Hello and welcome to another edition of the Weekly Vine. This week we explore Sam Altman’s battery theory of humanity, talk about Lutyens’ bust being removed from Rashtrapati Bhavan, examine the problem with the Citrini paper that tech bros cannot stop talking about, and discuss the myth of corporate love.
Sam Altman’s battery theory of humanity
“Who Let the Dogs Out” — a track that inspired insouciant children across the world to bark at ungodly hours — is widely considered one of the most irritating songs of all time, so much so that Rolling Stone magazine deemed it the eighth most annoying song of the 1990s, even though it was released in 2000. Unfortunately for us, “Who Let the Dogs Out” also became the overarching leitmotif of the 2026 AI Impact Summit in New Delhi, where the memetic black hole created by a robo-dog — masquerading as a private university’s home-grown innovation before becoming a very public humiliation — almost overshadowed everything else that happened there.
Of course, plenty of things actually happened at the AI Summit.
Youth Congress protestors did their best French feminist impression.
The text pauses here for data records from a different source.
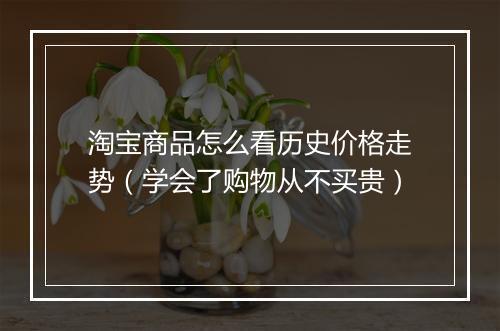 淘宝商品怎么看历史价格走势（学会了购物从不买贵）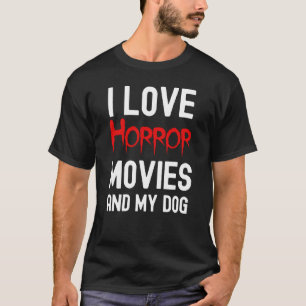 skräckfilmer och min Hund, skräckfilm besatt T Shirt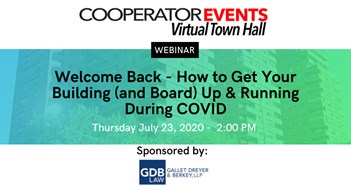 The Cooperator Events Presents: Welcome Back - How to Get Your Building (and Board) Up & Running During COVID The Cooperator Events Presents: Welcome Back - How to Get Your Building (and Board) Up & Running During COVID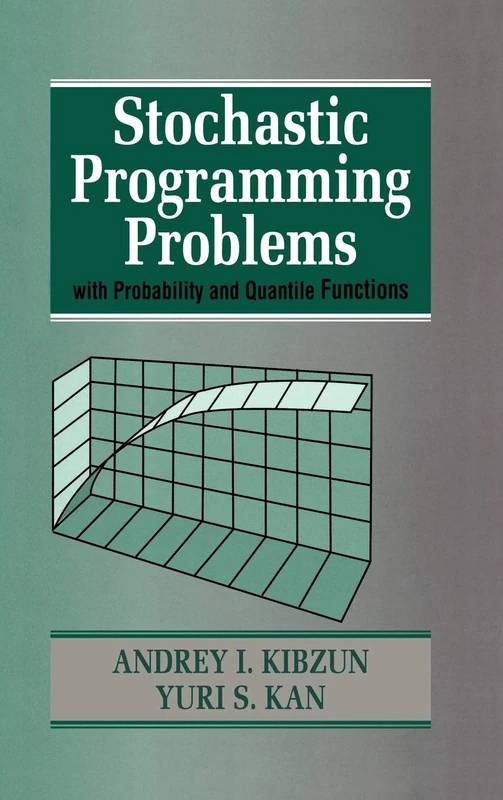 Stochastic Programming Problems with Probability and Quantile Functions: 9 (Wiley Interscience Series in Systems and Optimization)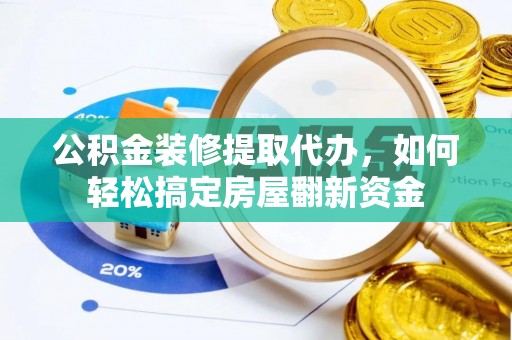 达拉特旗公积金装修提取代办，如何轻松搞定房屋翻新资金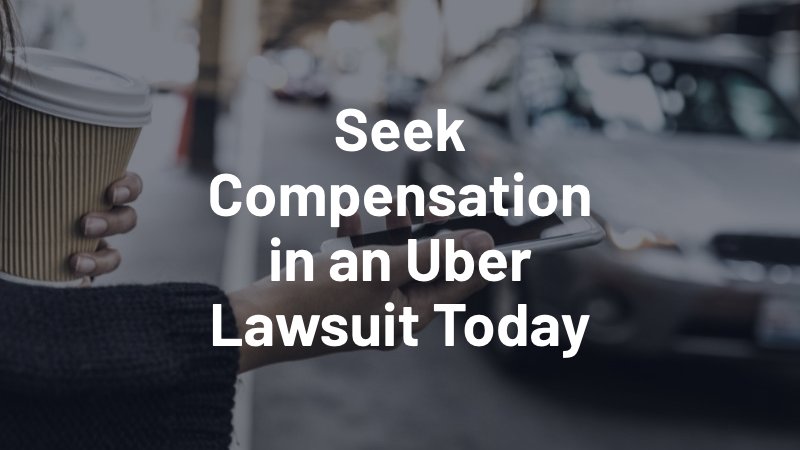 seek compensation in an uber lawsuit today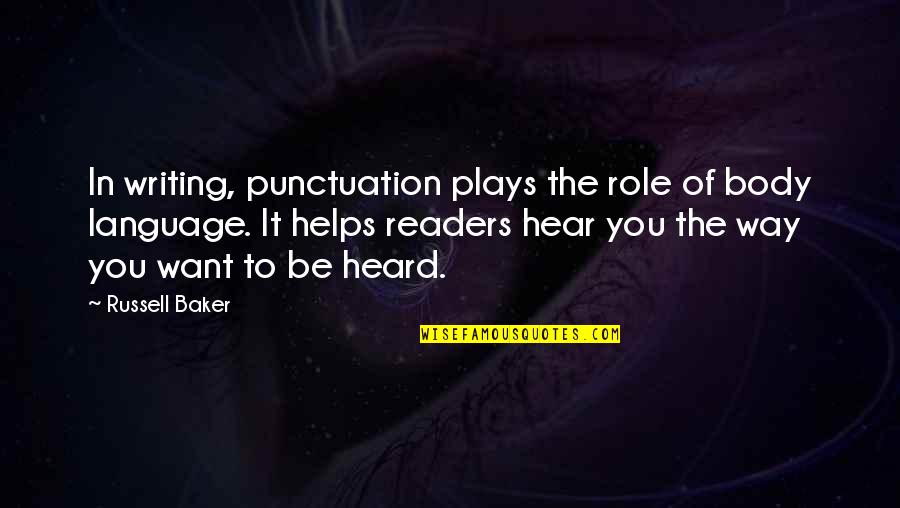 Elastick Quotes By Russell Baker: In writing, punctuation plays the role of body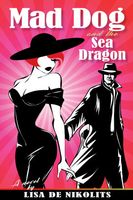 Cover of Mad Dog and the Sea Dragon by Lisa De Nikolits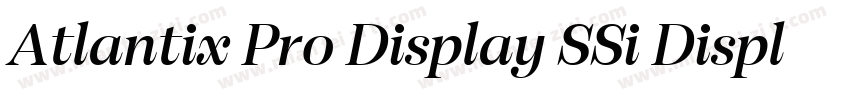 Atlantix Pro Display SSi Display Italic字体转换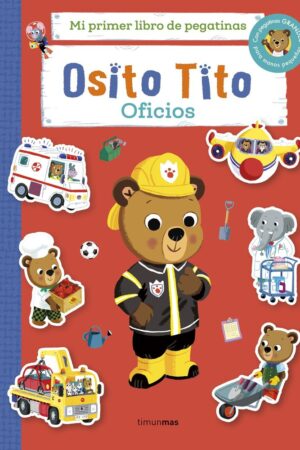 OSITO TITO. MI PRIMER LIBRO DE PEGATINAS. OFICIOS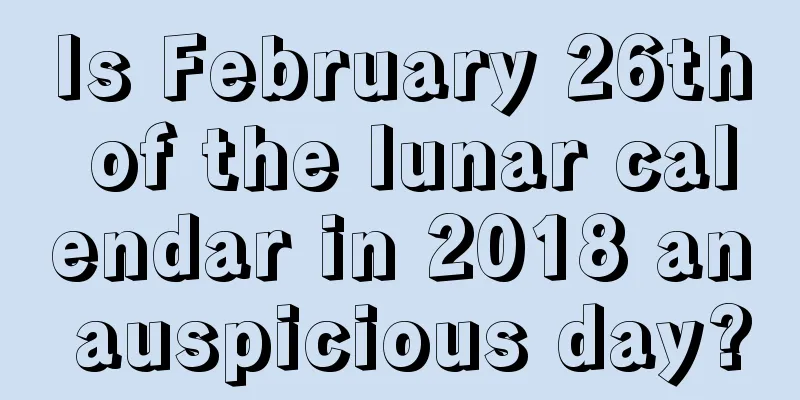 Is February 26th of the lunar calendar in 2018 an auspicious day?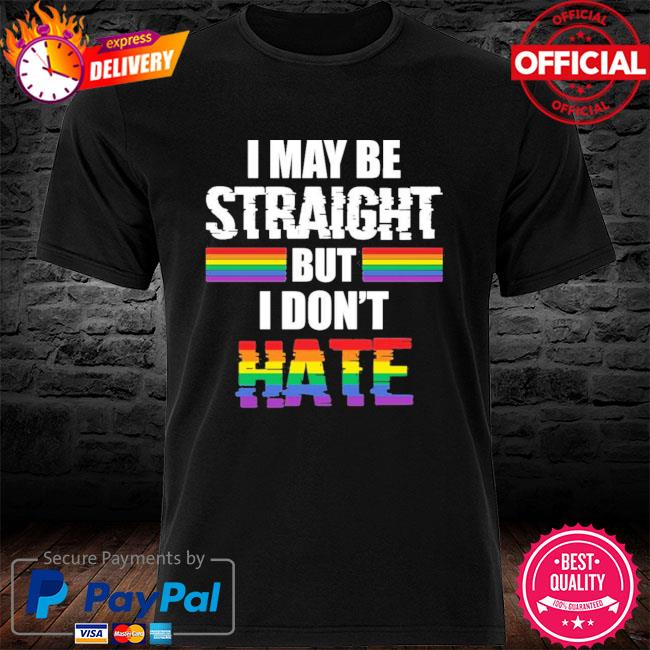I May Be Straight But Dont Hate Shirt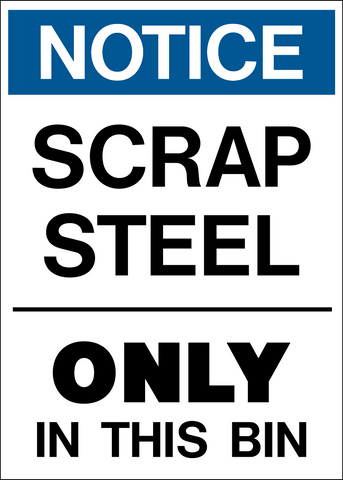 Notice - Scrap Steel Only – Western Safety Sign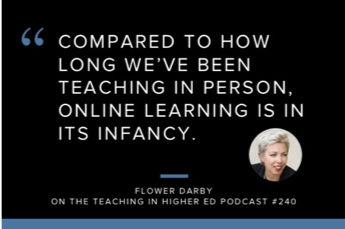 Quote - Compoared to how long we've been teaching in person, online learning is in its infany.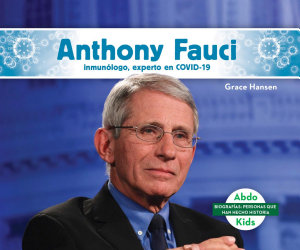 Icon image Anthony Fauci: inmunologo, experto en COVID-19 (Anthony Fauci: Immunologist & COVID-19 Leader): inmunologo, experto en COVID-19 (Immunologist & COVID-19 Leader)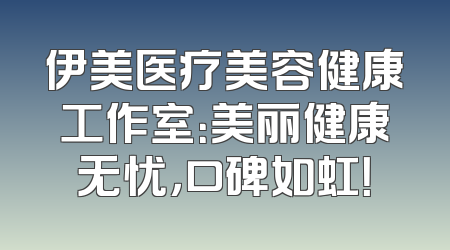 伊美医疗美容健康工作室：美丽健康无忧，口碑如虹！
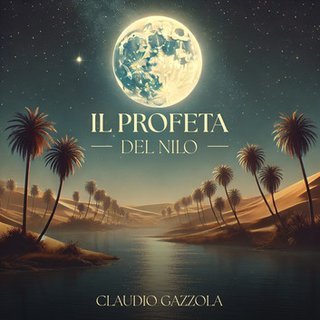 Claudio Gazzola - Il Profeta del Nilo (2025)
Sarvam wowed AI geeks with two large, voice-first, home-grown AI models. French President Emmanuel Macron gushed about UPI as if it had originated in the Champagne region of France. Desi and international players promised to spend big money on AI infrastructure in India. The Cassandras of foreign media whined about the traffic and India’s ostensible VVIP culture. But perhaps what went under the radar was Sam Altman’s view on AI energy usage, which told us more about his views on humanity.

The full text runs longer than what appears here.